▶ [GOAL OF THE EXERCISE]: The reply must contain exactly the lines below from the one with "You're going to" down to the one with "Hi guys, thanks", both included, and nothing more; please omit the pictures.

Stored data
*** Begin section ***

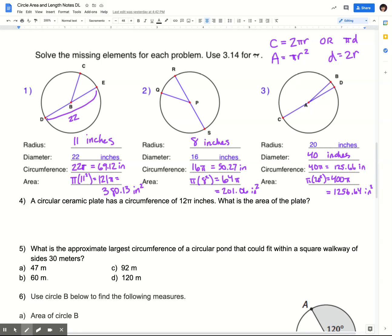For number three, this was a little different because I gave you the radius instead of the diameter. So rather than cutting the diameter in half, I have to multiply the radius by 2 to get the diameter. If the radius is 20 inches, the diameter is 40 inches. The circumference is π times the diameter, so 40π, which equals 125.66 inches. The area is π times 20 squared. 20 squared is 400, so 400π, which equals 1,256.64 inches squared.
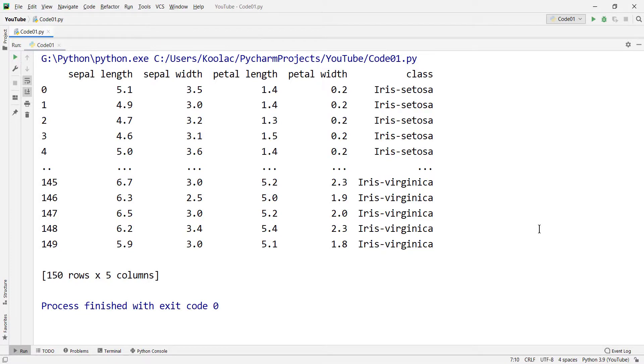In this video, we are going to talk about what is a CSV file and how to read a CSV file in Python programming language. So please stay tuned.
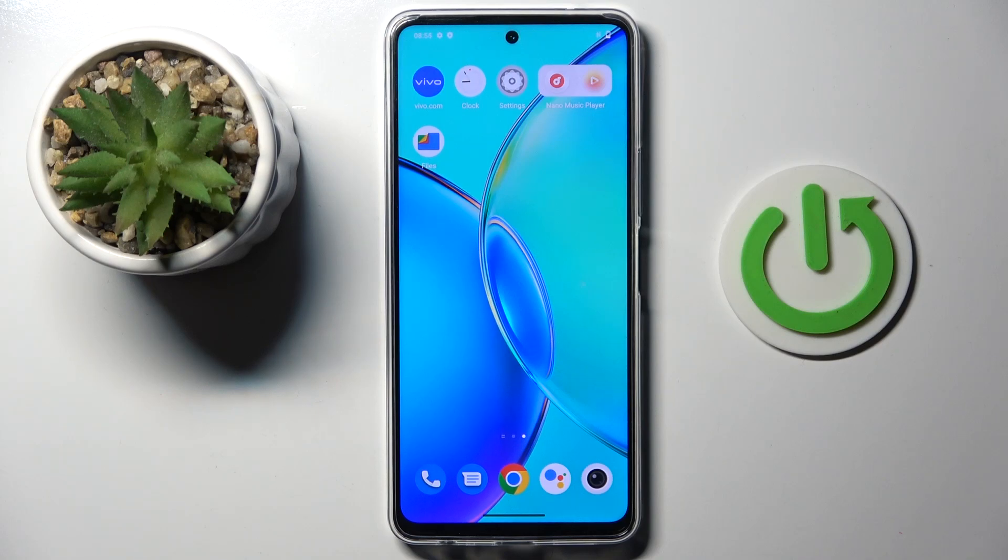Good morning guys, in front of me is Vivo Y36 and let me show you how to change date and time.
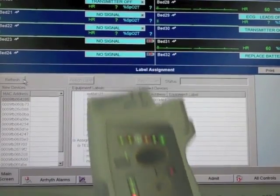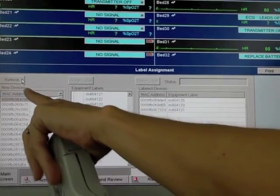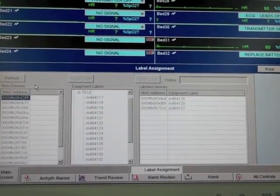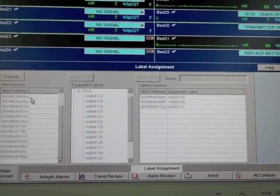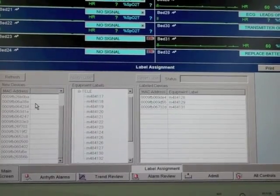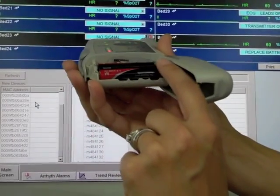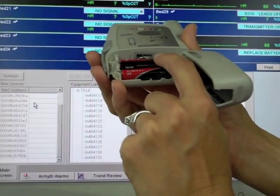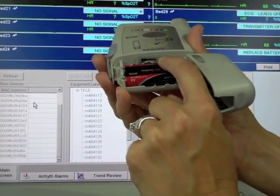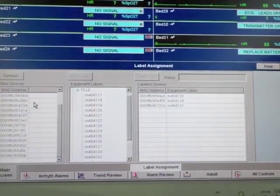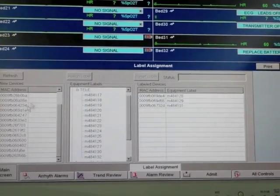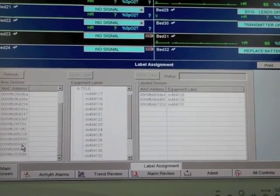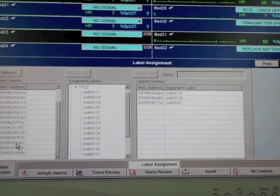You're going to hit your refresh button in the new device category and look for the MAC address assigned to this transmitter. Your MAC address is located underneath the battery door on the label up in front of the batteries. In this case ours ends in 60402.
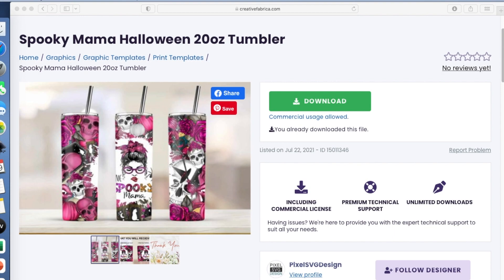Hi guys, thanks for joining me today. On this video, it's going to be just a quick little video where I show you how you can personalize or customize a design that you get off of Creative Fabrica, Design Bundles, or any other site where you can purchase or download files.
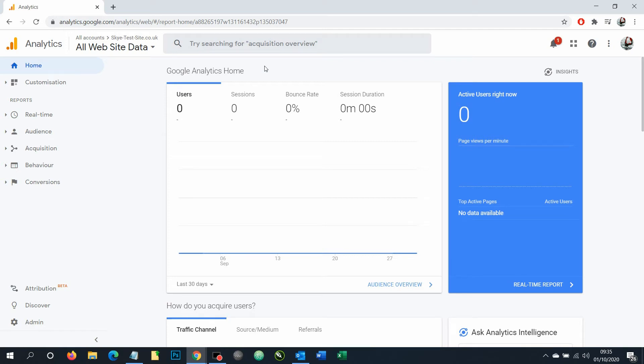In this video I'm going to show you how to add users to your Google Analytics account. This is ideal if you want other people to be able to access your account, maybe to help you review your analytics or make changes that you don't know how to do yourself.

*** End section ***

▶ [RESPONSE TO THE TASK]:
You're going to hit your refresh button in the new device category and look for the MAC address assigned to this transmitter. Your MAC address is located underneath the battery door on the label up in front of the batteries. In this case ours ends in 60402.
Hi guys, thanks for joining me today. On this video, it's going to be just a quick little video where I show you how you can personalize or customize a design that you get off of Creative Fabrica, Design Bundles, or any other site where you can purchase or download files.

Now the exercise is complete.